RECORDED INFORMATION:
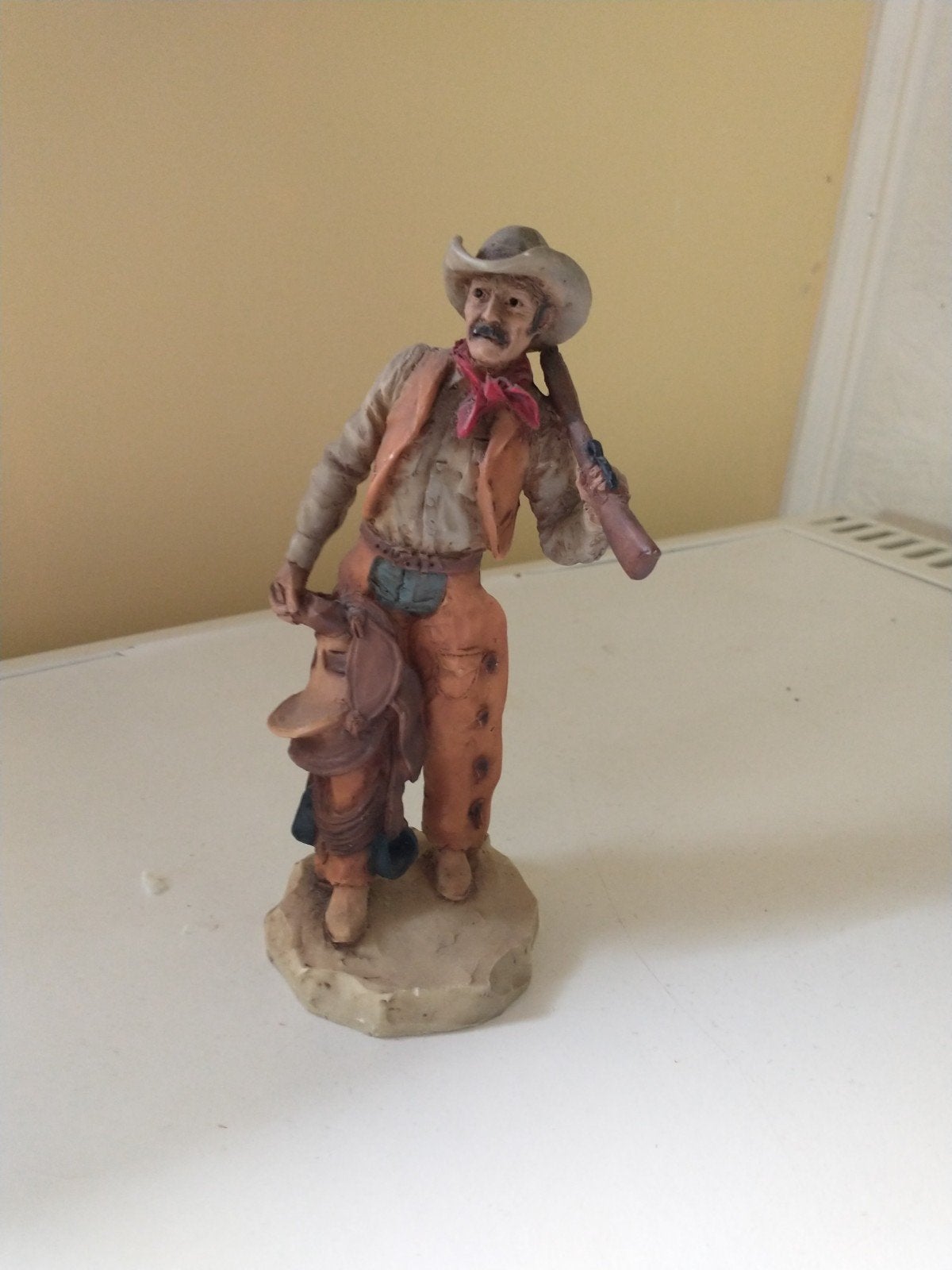 Western en indianenbeeldjes van Castagna 14-16cm, Verzamelen, Beelden en Beeldjes, Ophalen, Gebruikt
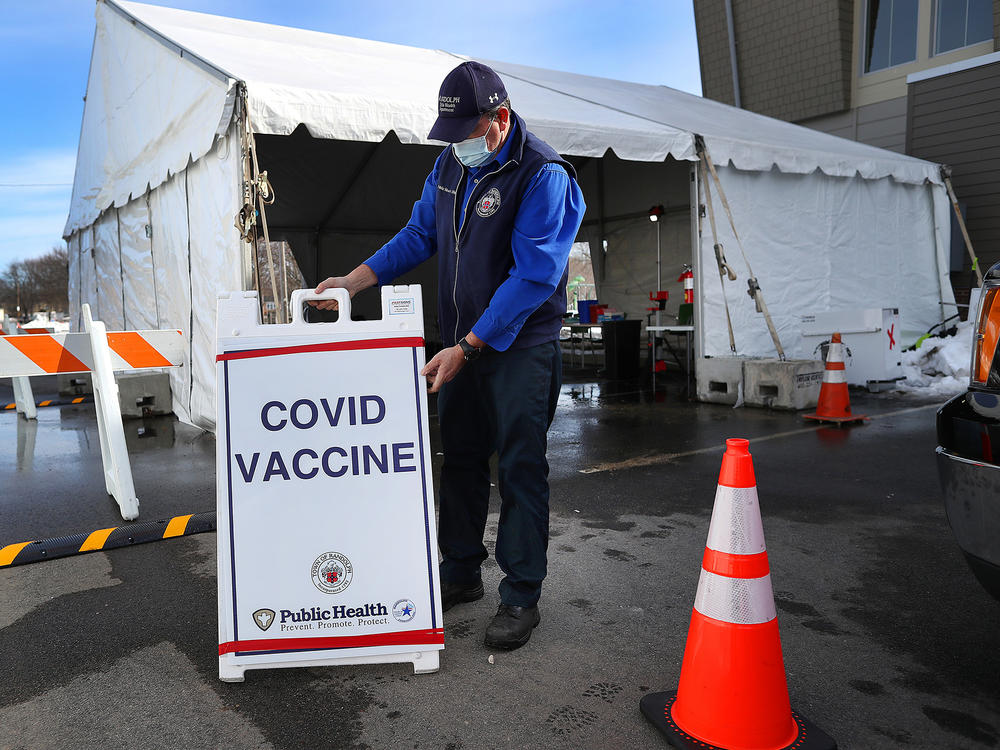 Nearly a third of adults in the U.S. have gotten at least one shot of the COVID-19 vaccine so far, but researchers warn that vaccine refusal may keep the country from reaching herd immunity.
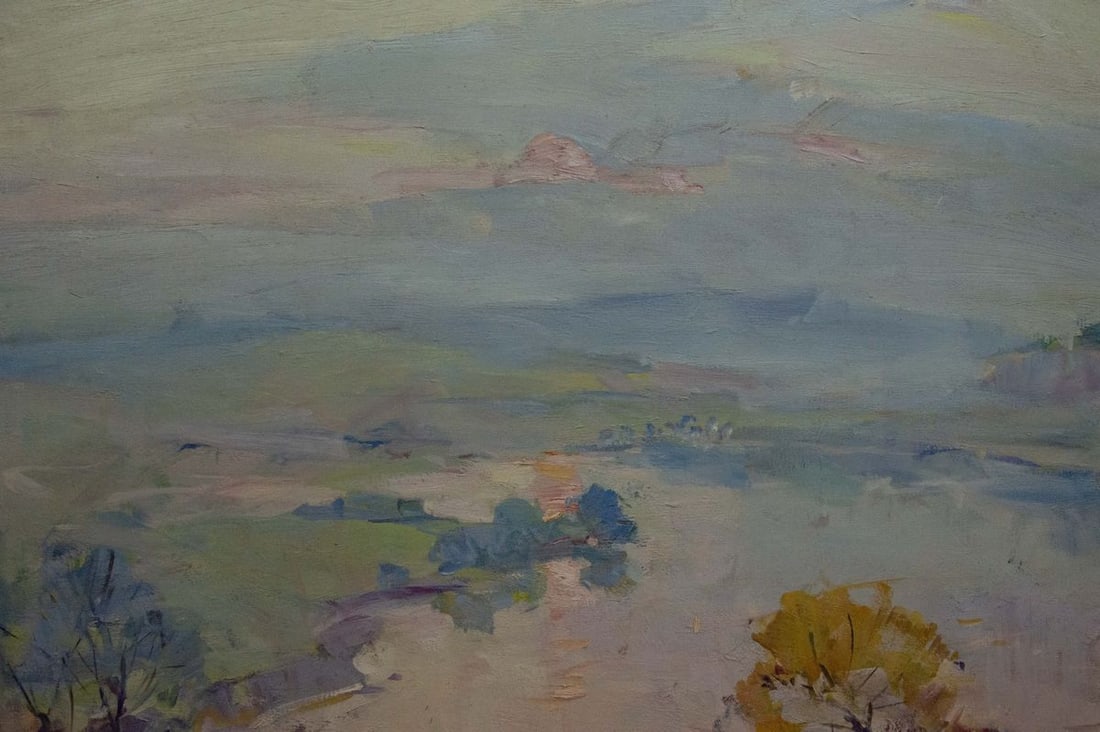 Oil painting Natural landscape - 5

WHAT THE TASK REQUIRES:
Repeat verbatim the lines from the one holding "Nearly a third" through the end of the listing above, both ends included, but not the pictures.

RESPONSE AREA:
 Nearly a third of adults in the U.S. have gotten at least one shot of the COVID-19 vaccine so far, but researchers warn that vaccine refusal may keep the country from reaching herd immunity.
 Oil painting Natural landscape - 5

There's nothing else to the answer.